--- SOURCE MATERIAL ---

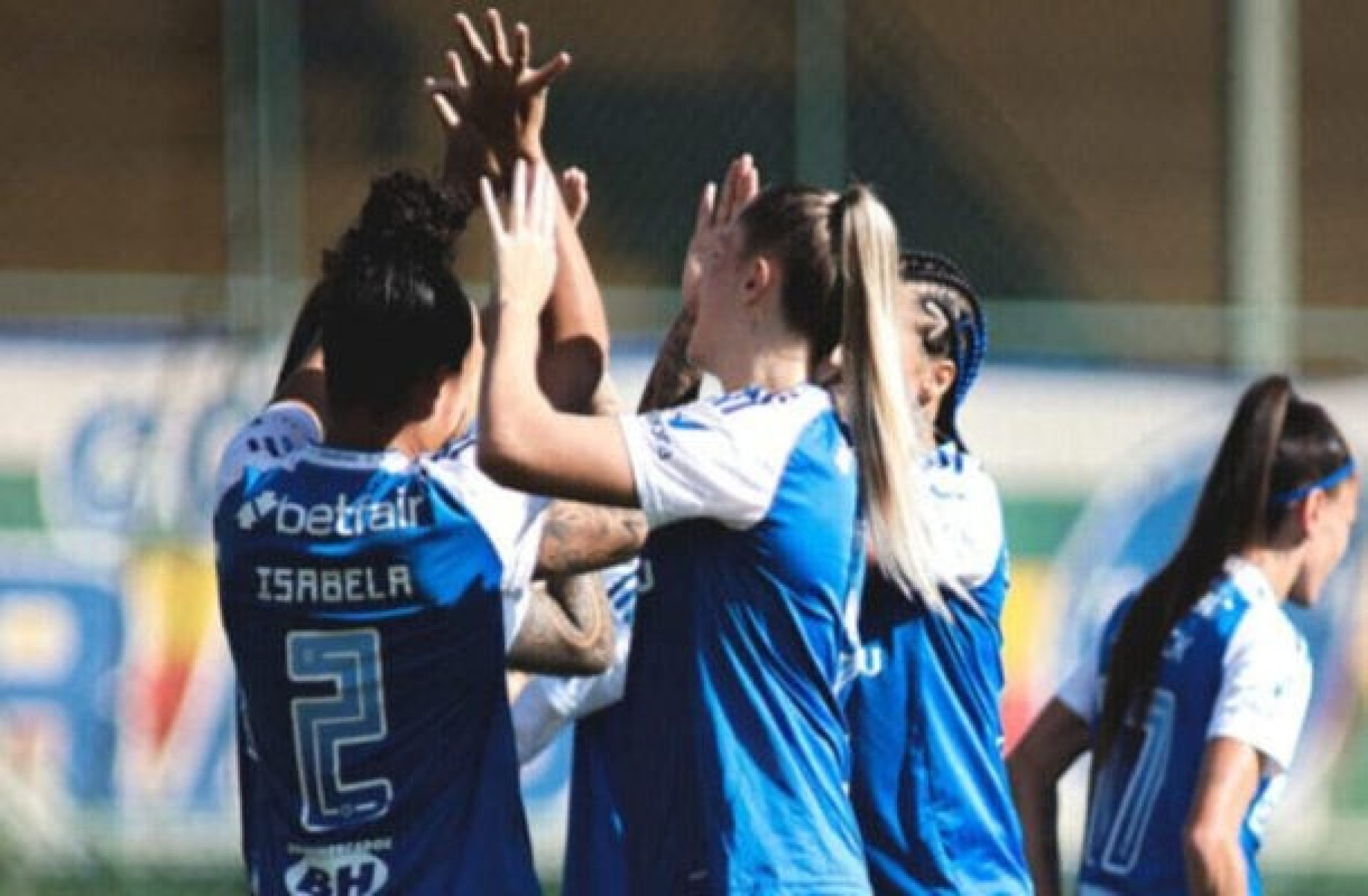 Cruzeiro derrota Bahia com gol nos acréscimos no Brasileirão Feminino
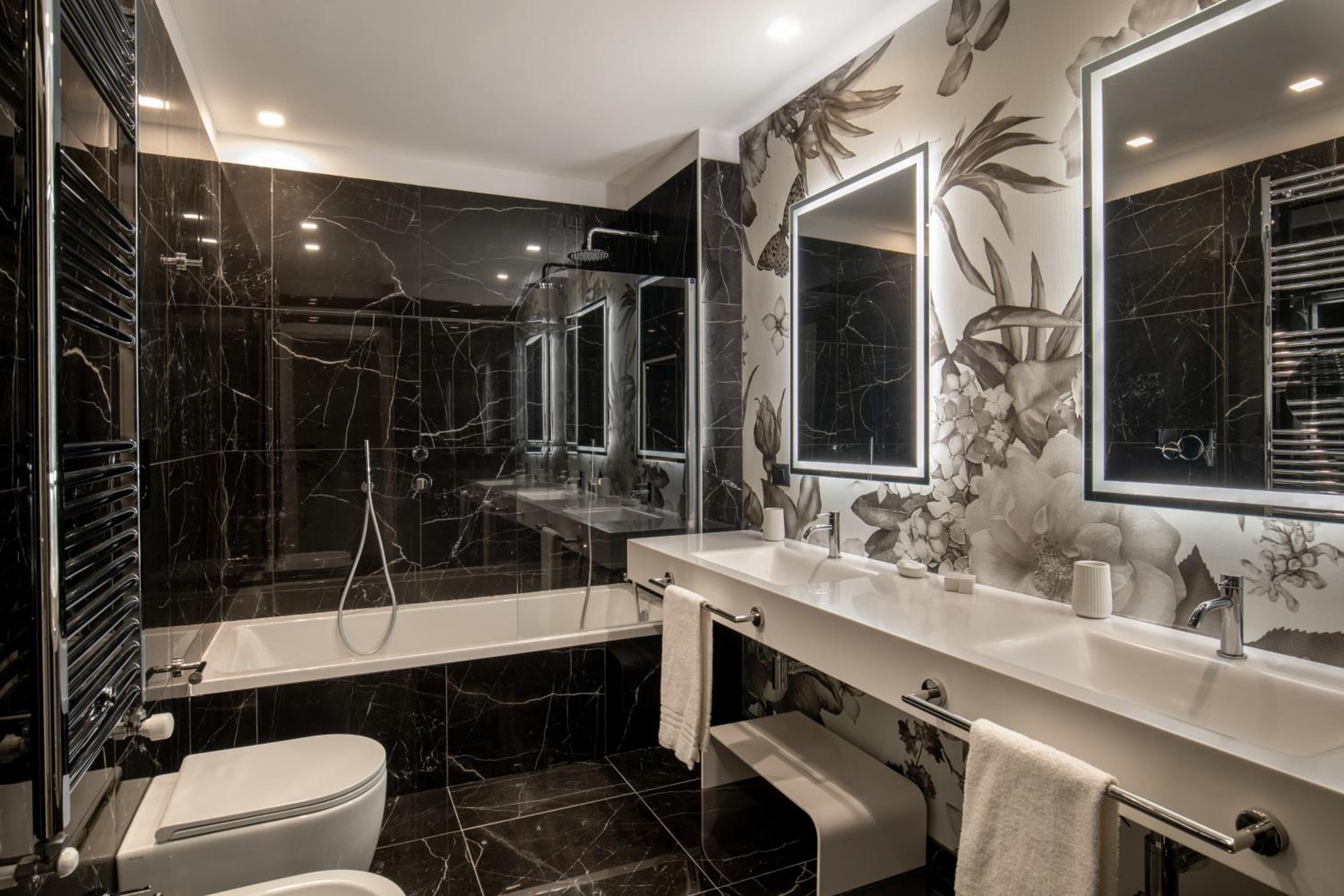Deluxe Double or Twin Room with City View photo 2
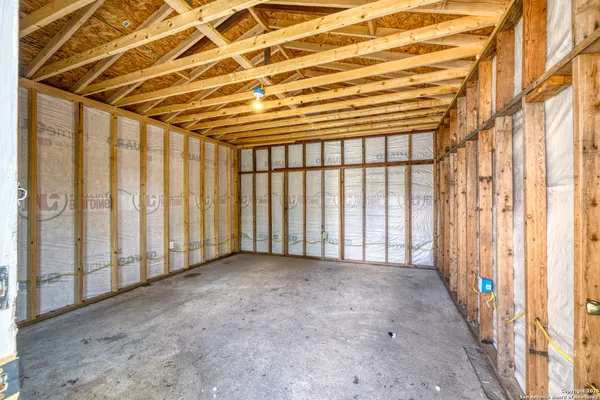 $219,000 | 723 West Leona Street, Uvalde, TX 78801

---

## TASK OBJECTIVE
Make an exact copy of the data, leaving its pictures out.

## THE ANSWER
 Cruzeiro derrota Bahia com gol nos acréscimos no Brasileirão Feminino
Deluxe Double or Twin Room with City View photo 2
 $219,000 | 723 West Leona Street, Uvalde, TX 78801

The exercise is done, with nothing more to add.